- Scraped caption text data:
—————

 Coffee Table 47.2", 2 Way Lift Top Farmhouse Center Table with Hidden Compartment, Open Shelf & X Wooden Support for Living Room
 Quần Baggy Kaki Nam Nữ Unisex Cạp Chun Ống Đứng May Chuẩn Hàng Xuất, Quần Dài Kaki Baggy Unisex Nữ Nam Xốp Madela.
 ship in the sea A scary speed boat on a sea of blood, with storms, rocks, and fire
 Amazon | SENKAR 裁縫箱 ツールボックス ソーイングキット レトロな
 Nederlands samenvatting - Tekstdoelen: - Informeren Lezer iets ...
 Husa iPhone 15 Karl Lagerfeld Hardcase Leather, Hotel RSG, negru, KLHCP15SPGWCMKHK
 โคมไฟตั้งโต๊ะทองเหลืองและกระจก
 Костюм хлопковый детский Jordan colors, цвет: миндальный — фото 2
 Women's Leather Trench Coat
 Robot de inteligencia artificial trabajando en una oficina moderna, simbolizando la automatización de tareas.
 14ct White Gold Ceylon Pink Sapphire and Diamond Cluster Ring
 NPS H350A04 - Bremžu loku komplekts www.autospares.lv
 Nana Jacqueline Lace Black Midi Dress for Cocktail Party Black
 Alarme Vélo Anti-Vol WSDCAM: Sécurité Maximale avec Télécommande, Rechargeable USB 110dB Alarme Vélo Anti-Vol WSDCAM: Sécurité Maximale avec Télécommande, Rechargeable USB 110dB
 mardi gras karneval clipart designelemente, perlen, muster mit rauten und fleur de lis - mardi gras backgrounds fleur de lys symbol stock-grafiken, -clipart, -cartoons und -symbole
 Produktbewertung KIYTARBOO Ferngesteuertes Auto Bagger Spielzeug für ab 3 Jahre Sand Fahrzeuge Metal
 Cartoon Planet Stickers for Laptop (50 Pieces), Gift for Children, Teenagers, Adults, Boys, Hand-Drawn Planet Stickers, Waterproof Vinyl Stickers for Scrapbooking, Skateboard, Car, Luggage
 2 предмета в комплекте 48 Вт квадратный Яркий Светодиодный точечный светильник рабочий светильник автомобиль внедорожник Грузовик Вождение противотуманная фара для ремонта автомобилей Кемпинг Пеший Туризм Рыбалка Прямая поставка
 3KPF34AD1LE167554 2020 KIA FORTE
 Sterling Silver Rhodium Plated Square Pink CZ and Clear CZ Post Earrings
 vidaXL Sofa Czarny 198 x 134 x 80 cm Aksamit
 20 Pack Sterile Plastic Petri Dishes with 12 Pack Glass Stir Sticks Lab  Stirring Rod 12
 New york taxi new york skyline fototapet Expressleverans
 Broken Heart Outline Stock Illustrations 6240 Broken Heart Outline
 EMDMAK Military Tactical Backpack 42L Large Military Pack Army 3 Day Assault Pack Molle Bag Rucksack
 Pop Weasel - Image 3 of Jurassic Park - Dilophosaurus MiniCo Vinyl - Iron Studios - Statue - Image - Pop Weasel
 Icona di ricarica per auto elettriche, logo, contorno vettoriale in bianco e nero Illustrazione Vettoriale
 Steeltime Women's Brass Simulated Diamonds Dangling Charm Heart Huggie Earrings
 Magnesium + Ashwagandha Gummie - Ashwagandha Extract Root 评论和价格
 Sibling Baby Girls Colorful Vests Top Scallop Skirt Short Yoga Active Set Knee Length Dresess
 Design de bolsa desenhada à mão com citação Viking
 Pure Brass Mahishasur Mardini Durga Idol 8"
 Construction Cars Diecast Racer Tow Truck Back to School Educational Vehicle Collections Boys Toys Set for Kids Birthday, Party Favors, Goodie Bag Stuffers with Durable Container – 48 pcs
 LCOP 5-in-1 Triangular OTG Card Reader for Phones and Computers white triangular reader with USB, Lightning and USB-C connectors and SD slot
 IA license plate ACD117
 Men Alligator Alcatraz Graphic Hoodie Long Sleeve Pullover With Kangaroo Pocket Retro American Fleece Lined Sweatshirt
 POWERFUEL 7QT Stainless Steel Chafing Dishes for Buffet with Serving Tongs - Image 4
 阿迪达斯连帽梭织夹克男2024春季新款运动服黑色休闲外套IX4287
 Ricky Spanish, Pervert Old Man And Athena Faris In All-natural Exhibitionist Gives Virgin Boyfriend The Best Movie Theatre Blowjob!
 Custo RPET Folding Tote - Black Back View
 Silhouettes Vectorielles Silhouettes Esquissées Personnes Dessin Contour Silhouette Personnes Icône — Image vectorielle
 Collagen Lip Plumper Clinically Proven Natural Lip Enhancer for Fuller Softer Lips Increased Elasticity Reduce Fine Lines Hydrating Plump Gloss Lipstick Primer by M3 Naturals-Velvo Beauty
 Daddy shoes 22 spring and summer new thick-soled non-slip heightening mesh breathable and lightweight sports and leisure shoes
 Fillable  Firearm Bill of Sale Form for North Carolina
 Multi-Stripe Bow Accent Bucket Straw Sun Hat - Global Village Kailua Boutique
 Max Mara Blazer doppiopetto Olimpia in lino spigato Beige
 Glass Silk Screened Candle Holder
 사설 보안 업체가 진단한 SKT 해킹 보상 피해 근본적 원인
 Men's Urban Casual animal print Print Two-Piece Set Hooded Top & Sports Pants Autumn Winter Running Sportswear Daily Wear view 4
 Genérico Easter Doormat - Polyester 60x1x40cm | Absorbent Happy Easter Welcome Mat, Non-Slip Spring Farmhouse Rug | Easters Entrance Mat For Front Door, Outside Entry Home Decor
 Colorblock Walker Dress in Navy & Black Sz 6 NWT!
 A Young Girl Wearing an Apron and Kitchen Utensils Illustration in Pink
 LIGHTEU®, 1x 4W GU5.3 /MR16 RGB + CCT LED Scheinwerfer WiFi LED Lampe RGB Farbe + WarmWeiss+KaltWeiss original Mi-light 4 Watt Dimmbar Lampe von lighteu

—————

- What the task requires: Output each line of the entries exactly, so that nothing is lost.

- Answer for the task:
 Coffee Table 47.2", 2 Way Lift Top Farmhouse Center Table with Hidden Compartment, Open Shelf & X Wooden Support for Living Room
 Quần Baggy Kaki Nam Nữ Unisex Cạp Chun Ống Đứng May Chuẩn Hàng Xuất, Quần Dài Kaki Baggy Unisex Nữ Nam Xốp Madela.
 ship in the sea A scary speed boat on a sea of blood, with storms, rocks, and fire
 Amazon | SENKAR 裁縫箱 ツールボックス ソーイングキット レトロな
 Nederlands samenvatting - Tekstdoelen: - Informeren Lezer iets ...
 Husa iPhone 15 Karl Lagerfeld Hardcase Leather, Hotel RSG, negru, KLHCP15SPGWCMKHK
 โคมไฟตั้งโต๊ะทองเหลืองและกระจก
 Костюм хлопковый детский Jordan colors, цвет: миндальный — фото 2
 Women's Leather Trench Coat
 Robot de inteligencia artificial trabajando en una oficina moderna, simbolizando la automatización de tareas.
 14ct White Gold Ceylon Pink Sapphire and Diamond Cluster Ring
 NPS H350A04 - Bremžu loku komplekts www.autospares.lv
 Nana Jacqueline Lace Black Midi Dress for Cocktail Party Black
 Alarme Vélo Anti-Vol WSDCAM: Sécurité Maximale avec Télécommande, Rechargeable USB 110dB Alarme Vélo Anti-Vol WSDCAM: Sécurité Maximale avec Télécommande, Rechargeable USB 110dB
 mardi gras karneval clipart designelemente, perlen, muster mit rauten und fleur de lis - mardi gras backgrounds fleur de lys symbol stock-grafiken, -clipart, -cartoons und -symbole
 Produktbewertung KIYTARBOO Ferngesteuertes Auto Bagger Spielzeug für ab 3 Jahre Sand Fahrzeuge Metal
 Cartoon Planet Stickers for Laptop (50 Pieces), Gift for Children, Teenagers, Adults, Boys, Hand-Drawn Planet Stickers, Waterproof Vinyl Stickers for Scrapbooking, Skateboard, Car, Luggage
 2 предмета в комплекте 48 Вт квадратный Яркий Светодиодный точечный светильник рабочий светильник автомобиль внедорожник Грузовик Вождение противотуманная фара для ремонта автомобилей Кемпинг Пеший Туризм Рыбалка Прямая поставка
 3KPF34AD1LE167554 2020 KIA FORTE
 Sterling Silver Rhodium Plated Square Pink CZ and Clear CZ Post Earrings
 vidaXL Sofa Czarny 198 x 134 x 80 cm Aksamit
 20 Pack Sterile Plastic Petri Dishes with 12 Pack Glass Stir Sticks Lab  Stirring Rod 12
 New york taxi new york skyline fototapet Expressleverans
 Broken Heart Outline Stock Illustrations 6240 Broken Heart Outline
 EMDMAK Military Tactical Backpack 42L Large Military Pack Army 3 Day Assault Pack Molle Bag Rucksack
 Pop Weasel - Image 3 of Jurassic Park - Dilophosaurus MiniCo Vinyl - Iron Studios - Statue - Image - Pop Weasel
 Icona di ricarica per auto elettriche, logo, contorno vettoriale in bianco e nero Illustrazione Vettoriale
 Steeltime Women's Brass Simulated Diamonds Dangling Charm Heart Huggie Earrings
 Magnesium + Ashwagandha Gummie - Ashwagandha Extract Root 评论和价格
 Sibling Baby Girls Colorful Vests Top Scallop Skirt Short Yoga Active Set Knee Length Dresess
 Design de bolsa desenhada à mão com citação Viking
 Pure Brass Mahishasur Mardini Durga Idol 8"
 Construction Cars Diecast Racer Tow Truck Back to School Educational Vehicle Collections Boys Toys Set for Kids Birthday, Party Favors, Goodie Bag Stuffers with Durable Container – 48 pcs
 LCOP 5-in-1 Triangular OTG Card Reader for Phones and Computers white triangular reader with USB, Lightning and USB-C connectors and SD slot
 IA license plate ACD117
 Men Alligator Alcatraz Graphic Hoodie Long Sleeve Pullover With Kangaroo Pocket Retro American Fleece Lined Sweatshirt
 POWERFUEL 7QT Stainless Steel Chafing Dishes for Buffet with Serving Tongs - Image 4
 阿迪达斯连帽梭织夹克男2024春季新款运动服黑色休闲外套IX4287
 Ricky Spanish, Pervert Old Man And Athena Faris In All-natural Exhibitionist Gives Virgin Boyfriend The Best Movie Theatre Blowjob!
 Custo RPET Folding Tote - Black Back View
 Silhouettes Vectorielles Silhouettes Esquissées Personnes Dessin Contour Silhouette Personnes Icône — Image vectorielle
 Collagen Lip Plumper Clinically Proven Natural Lip Enhancer for Fuller Softer Lips Increased Elasticity Reduce Fine Lines Hydrating Plump Gloss Lipstick Primer by M3 Naturals-Velvo Beauty
 Daddy shoes 22 spring and summer new thick-soled non-slip heightening mesh breathable and lightweight sports and leisure shoes
 Fillable  Firearm Bill of Sale Form for North Carolina
 Multi-Stripe Bow Accent Bucket Straw Sun Hat - Global Village Kailua Boutique
 Max Mara Blazer doppiopetto Olimpia in lino spigato Beige
 Glass Silk Screened Candle Holder
 사설 보안 업체가 진단한 SKT 해킹 보상 피해 근본적 원인
 Men's Urban Casual animal print Print Two-Piece Set Hooded Top & Sports Pants Autumn Winter Running Sportswear Daily Wear view 4
 Genérico Easter Doormat - Polyester 60x1x40cm | Absorbent Happy Easter Welcome Mat, Non-Slip Spring Farmhouse Rug | Easters Entrance Mat For Front Door, Outside Entry Home Decor
 Colorblock Walker Dress in Navy & Black Sz 6 NWT!
 A Young Girl Wearing an Apron and Kitchen Utensils Illustration in Pink
 LIGHTEU®, 1x 4W GU5.3 /MR16 RGB + CCT LED Scheinwerfer WiFi LED Lampe RGB Farbe + WarmWeiss+KaltWeiss original Mi-light 4 Watt Dimmbar Lampe von lighteu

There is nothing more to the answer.